Bu süreçte Suriye halkının en büyük destekçisi ise şimdiye kadar olduğu gibi yine Türkiye olacaktır. Zira Suriye’nin istikrara kavuşması Türkiye’nin güvenliği için büyük önem arz etmektedir.

Türkiye, bir taraftan Suriye’nin toprak bütünlüğünün sağlanması için sahaya ağırlığını koyarken diğer taraftan da 10 yılı aşkın bir süredir misafir edilen Suriyeli mültecilerin geri dönüşü için uygun şartların oluşturulmasına gayret etmektedir.

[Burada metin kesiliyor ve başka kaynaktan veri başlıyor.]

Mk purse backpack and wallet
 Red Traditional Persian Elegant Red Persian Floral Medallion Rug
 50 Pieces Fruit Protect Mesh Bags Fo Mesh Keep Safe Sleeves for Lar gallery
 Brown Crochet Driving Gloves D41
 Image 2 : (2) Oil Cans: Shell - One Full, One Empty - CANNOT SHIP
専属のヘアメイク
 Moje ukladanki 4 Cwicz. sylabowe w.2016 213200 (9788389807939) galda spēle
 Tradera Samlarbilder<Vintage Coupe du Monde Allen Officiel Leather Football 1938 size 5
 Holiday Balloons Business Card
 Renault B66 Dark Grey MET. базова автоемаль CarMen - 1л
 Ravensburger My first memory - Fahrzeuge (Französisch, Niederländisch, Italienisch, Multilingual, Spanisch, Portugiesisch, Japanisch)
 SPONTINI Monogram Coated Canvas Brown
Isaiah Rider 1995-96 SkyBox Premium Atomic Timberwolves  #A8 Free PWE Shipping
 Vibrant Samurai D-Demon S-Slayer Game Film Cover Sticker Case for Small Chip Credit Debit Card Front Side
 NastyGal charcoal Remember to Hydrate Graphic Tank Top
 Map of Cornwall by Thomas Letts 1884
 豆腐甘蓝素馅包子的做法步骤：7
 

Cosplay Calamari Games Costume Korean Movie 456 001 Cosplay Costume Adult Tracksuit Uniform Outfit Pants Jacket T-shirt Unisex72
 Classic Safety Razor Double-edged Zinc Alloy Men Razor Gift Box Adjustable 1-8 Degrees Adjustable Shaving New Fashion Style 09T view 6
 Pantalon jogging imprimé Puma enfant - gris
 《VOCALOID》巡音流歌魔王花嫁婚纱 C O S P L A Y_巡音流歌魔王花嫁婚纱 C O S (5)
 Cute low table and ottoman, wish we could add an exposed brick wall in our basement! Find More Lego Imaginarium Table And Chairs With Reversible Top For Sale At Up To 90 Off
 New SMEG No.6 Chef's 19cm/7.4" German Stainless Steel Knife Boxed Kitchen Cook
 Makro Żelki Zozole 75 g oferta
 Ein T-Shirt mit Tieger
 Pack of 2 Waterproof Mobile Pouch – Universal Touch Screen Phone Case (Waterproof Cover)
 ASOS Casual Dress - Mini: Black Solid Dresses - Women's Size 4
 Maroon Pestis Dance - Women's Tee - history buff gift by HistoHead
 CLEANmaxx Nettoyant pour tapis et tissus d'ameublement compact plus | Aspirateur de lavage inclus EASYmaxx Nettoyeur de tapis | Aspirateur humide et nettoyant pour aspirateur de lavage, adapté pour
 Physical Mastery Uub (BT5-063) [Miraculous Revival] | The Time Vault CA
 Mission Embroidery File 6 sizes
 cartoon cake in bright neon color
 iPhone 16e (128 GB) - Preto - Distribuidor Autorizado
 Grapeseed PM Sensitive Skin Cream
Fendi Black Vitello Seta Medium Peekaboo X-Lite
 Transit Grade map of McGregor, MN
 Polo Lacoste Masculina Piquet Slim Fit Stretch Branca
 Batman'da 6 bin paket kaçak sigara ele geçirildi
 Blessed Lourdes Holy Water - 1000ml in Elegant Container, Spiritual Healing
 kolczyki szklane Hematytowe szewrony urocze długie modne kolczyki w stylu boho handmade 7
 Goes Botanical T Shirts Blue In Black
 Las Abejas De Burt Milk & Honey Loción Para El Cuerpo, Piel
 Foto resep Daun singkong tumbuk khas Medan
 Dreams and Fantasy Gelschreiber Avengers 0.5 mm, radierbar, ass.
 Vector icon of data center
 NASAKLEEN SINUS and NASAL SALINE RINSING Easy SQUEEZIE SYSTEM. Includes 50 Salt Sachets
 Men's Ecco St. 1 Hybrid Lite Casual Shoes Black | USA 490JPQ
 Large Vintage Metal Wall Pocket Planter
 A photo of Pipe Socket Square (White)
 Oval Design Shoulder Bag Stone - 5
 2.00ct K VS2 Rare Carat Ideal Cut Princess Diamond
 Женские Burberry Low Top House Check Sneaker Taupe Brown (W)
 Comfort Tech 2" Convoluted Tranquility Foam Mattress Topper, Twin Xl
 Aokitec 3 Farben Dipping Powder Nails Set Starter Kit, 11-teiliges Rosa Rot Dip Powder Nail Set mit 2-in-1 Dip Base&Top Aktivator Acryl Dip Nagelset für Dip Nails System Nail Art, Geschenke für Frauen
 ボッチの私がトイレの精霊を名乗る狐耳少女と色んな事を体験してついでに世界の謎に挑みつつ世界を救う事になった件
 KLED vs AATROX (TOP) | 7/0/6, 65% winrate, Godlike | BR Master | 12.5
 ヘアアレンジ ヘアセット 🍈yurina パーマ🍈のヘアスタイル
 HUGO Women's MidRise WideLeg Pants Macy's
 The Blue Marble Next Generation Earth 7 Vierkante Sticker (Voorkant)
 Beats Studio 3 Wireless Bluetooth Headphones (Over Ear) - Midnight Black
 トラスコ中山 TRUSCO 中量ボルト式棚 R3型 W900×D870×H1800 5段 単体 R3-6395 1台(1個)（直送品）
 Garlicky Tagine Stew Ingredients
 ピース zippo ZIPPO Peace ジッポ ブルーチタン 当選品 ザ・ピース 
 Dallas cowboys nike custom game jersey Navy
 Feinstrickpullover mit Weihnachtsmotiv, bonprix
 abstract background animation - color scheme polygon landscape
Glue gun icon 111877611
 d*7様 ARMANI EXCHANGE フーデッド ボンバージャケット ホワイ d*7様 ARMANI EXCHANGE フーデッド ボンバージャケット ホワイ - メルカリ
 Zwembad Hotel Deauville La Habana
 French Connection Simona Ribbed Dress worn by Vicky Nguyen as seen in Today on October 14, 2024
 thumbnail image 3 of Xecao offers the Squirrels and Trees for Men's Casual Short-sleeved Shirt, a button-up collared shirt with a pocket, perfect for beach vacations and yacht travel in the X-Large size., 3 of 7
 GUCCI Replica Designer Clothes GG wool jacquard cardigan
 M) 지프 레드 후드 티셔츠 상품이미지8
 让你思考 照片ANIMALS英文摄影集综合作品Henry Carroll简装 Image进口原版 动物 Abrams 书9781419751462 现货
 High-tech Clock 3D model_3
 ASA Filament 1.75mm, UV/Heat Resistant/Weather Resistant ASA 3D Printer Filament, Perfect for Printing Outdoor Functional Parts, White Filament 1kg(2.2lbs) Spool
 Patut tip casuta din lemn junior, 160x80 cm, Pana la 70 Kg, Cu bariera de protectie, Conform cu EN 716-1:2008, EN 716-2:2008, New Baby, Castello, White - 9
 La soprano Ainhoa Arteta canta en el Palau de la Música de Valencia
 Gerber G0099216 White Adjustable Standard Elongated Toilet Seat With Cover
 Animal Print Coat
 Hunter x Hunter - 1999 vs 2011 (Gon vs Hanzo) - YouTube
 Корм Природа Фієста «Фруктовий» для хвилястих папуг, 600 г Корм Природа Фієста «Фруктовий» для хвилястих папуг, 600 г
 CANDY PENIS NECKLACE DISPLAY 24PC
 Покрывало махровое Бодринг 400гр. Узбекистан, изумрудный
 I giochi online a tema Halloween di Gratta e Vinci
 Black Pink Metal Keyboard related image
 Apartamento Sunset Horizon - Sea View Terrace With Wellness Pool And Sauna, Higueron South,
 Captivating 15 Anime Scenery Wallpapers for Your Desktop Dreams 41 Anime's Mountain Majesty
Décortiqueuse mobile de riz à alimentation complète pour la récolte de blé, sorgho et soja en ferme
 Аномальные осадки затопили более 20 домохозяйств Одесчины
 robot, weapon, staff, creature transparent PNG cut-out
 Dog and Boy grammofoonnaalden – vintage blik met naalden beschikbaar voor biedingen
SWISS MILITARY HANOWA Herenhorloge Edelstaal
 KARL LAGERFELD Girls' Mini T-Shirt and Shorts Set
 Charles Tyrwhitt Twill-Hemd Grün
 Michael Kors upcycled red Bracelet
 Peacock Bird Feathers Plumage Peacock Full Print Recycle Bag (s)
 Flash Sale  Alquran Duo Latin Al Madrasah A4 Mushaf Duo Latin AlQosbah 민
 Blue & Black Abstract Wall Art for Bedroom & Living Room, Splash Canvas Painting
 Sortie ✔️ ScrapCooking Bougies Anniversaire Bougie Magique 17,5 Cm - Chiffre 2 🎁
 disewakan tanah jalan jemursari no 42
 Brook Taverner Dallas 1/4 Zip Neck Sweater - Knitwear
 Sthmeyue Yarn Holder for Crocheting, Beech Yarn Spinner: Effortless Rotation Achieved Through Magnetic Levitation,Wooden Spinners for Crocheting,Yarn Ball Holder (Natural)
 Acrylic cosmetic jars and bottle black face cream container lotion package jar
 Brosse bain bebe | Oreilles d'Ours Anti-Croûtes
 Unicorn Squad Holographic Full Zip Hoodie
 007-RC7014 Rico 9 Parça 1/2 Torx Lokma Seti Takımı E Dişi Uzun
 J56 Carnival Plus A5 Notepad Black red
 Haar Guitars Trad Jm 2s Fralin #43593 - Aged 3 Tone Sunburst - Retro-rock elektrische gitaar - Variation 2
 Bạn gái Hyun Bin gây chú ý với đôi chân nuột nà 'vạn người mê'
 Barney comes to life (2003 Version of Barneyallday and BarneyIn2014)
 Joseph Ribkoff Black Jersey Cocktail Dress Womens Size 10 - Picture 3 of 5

Görülen o ki Esed rejiminin devrilmesi, çeşitli sebeplerle yerlerinden edilmiş olan Suriyelilerin evlerine geri dönüşünü hızlandıracak ve vatanlarına dönen Suriye halkı da çok çalışarak kısa bir süre içerisinde uluslararası arenada hak ettiği yeri alacaktır.

Velhasıl halkına zulmeden ve ülkeyi parçalanmanın eşiğine getiren Esed hızla düşerken şimdiye kadar büyük bedeller ödemiş mazlum Suriye halkı ise süratle yükselecektir.